Lilligren holds the same position, insisting that all roads not lead to IAU. “In a lot of people’s minds and arguments,” Lilligren said, “Internal Affairs is [the decisive factor]. Chief McManus used the [IAU] to … disprove the CRA investigator’s work. That’s for the birds. Practice has been that CRA makes [a] determination, forwards that to the chief and the chief can do what he or she wants. And complaints have sat on [that] desk, some for two years, now. Or [they] were forwarded to IAU to improve the investigation. That’s why the CRA exists. Internal Affairs or the chief’s discretion shouldn’t come into it. Once a complaint is sustained by the CRA it should [stand]. That’s the point of having civilian oversight.”
Council Member Hodges agrees that McManus sitting on his duff didn’t help and that “one of the core issues was the chief’s disciplining officers if complaints had been sustained. Most of them weren’t being disciplined at all, even the cases had been sustained by CRA.”
Mayor R.T. Rybak may have taken a bite out of any CRA overhaul when he offered this comment recently: “The Chief of Police needs final authority on who is disciplined. Toward these ends, I support a CRA that makes its judgments based on MPD Policy.” If you’ve got the chief deciding what complaints are sustained, what authority does the Civilian Review Authority have?

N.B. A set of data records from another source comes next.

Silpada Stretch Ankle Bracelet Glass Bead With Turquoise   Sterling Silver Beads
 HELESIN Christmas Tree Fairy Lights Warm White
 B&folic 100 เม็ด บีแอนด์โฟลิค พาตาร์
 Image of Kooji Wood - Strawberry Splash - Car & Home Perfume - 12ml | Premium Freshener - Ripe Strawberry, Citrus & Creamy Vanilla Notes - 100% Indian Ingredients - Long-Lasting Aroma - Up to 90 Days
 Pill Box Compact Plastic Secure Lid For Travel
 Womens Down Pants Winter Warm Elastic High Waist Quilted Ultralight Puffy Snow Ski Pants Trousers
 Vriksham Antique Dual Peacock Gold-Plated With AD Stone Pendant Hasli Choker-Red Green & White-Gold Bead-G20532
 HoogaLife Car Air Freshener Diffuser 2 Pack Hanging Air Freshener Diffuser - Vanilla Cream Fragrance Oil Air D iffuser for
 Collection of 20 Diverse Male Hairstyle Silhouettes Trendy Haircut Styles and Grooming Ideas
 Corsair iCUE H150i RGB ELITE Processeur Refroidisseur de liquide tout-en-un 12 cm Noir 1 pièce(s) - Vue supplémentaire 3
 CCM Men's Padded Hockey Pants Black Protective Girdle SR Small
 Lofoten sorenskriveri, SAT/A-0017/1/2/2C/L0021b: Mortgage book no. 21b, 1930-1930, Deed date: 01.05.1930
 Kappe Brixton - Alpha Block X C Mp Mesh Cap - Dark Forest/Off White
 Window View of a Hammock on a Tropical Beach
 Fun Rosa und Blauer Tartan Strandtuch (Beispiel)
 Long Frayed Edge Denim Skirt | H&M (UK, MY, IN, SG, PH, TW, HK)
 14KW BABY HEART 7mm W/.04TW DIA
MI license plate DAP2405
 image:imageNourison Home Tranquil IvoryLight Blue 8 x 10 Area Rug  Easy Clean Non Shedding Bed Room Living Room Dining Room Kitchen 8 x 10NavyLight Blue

Between 1974 and 1976, when the Minneapolis Civil Rights Commission held jurisdiction over the Minneapolis Police Department, four officers were charged with use of excessive force. As a result of the investigations, two were convicted of assault. Though reports and documentation of MPD misconduct now are commonplace, it is unthinkable that such convictions would occur today. That has to change. The City Council has turn back time to when cops couldn’t break the law and be shielded by the Minneapolis Police Department.